Choi Hye-ra

Personal information
- Full name: Choi Hye-ra
- National team: South Korea
- Born: 20 May 1991 (age 35) Seoul, South Korea
- Height: 1.65 m (5 ft 5 in)
- Weight: 56 kg (123 lb)

Sport
- Sport: Swimming
- Strokes: Butterfly, medley
- Club: Osan Sports

Medal record
Women's swimming
Representing South Korea
Universiade
| Silver medal – second place | 2011 Shenzhen | 200 m medley |
Asian Games
| Silver medal – second place | 2006 Doha | 200 m butterfly |
| Bronze medal – third place | 2010 Guangzhou | 200 m butterfly |
| Bronze medal – third place | 2010 Guangzhou | 200 m medley |
| Bronze medal – third place | 2010 Guangzhou | 4×200 m freestyle |

= Choi Hye-ra =

South Korean swimmer (born 1991)

Choi Hye-Ra (최혜라; born May 20, 1991) is a South Korean swimmer, who specialized in butterfly and individual medley events. She collected four medals (1 silver and 3 bronze) in the 200 m butterfly, 200 m individual medley, and the 800 m freestyle relay at the 2006 Asian Games in Doha, Qatar, and at the 2010 Asian Games in Guangzhou, China. She also won a silver medal in the same medley distance at the 2011 Summer Universiade in Shenzhen, China, with a time of 2:14.17. She is a resident athlete of Osan Sports Club in Seoul.

Choi made her official debut at age 17, at the 2008 Summer Olympics in Beijing. She qualified for three swimming events by eclipsing a FINA A-cut of 2:09.46 (200 m butterfly) from the International Swim Meet in Chiba, Japan. On the first night of the preliminaries, she challenged five other swimmers in heat two, including Cyprus' Natallia Hadjiloizou (previously competed for Belarus). She finished behind Estonia's Triin Aljand in second place and 40th overall with a time of 1:00.65. In the 200 m individual medley, she touched out Slovenia's Anja Klinar to take the third spot on the same heat and 24th overall by 0.13 of a second, in a time of 2:15.26. In her third and final event, 200 m butterfly, she rounded out a top seeded heat with a last-place finish by nearly a second behind Brazil's Joanna Melo in 2:11.42. She failed to advance into the semifinals, as she placed 23rd overall in the preliminary heats.

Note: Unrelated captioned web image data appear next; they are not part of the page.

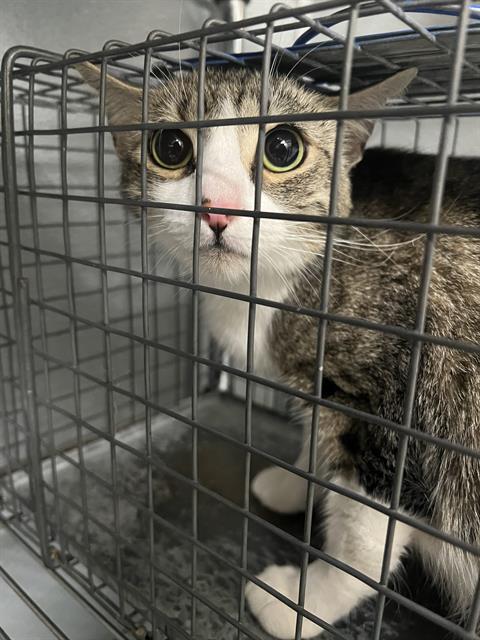 *GRIMMLY, a cat for adoption from The Animal Foundation - Las Vegas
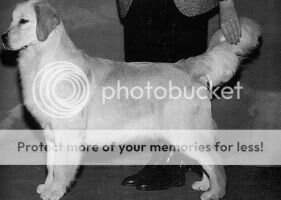 Goodtimes National Velvet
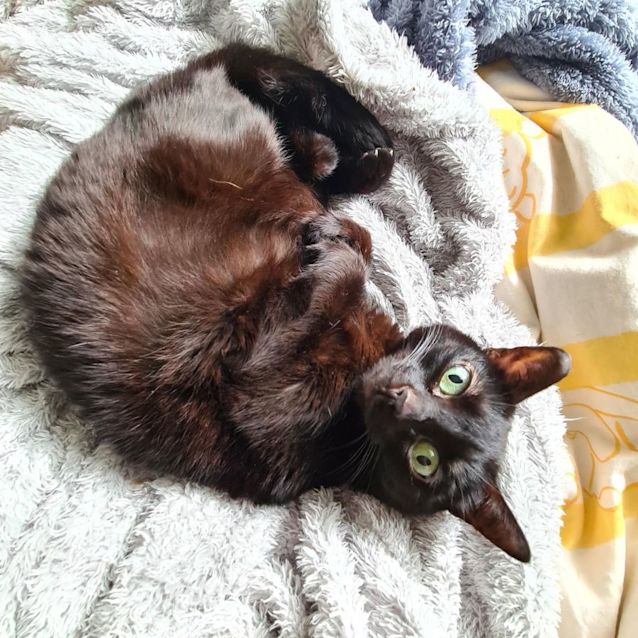 Photo of Nya   Located In Roxburgh Park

Four years later, Choi qualified for two swimming events at the 2012 Summer Olympics in London by clearing FINA A-standard entry times of 2:13.00 (200 m individual medley) and 2:08.81 (200 m butterfly) from the FINA World Championships in Shanghai, China. In the 200 m individual medley, she finished heat four in sixth place by 0.19 of a second behind Great Britain's Sophie Allen, lowering her Olympic time to 2:14.91. She placed 24th in the preliminary heats, and did not advance further into the semifinals. Unlike her previous Olympics, she registered a tenth-fastest time of 2:08.45 in the 200 m butterfly to secure her spot for the semifinals on the morning's preliminary heats. She failed to qualify for the final, as she finished the semifinal run with a third-slowest time of 2:08.32.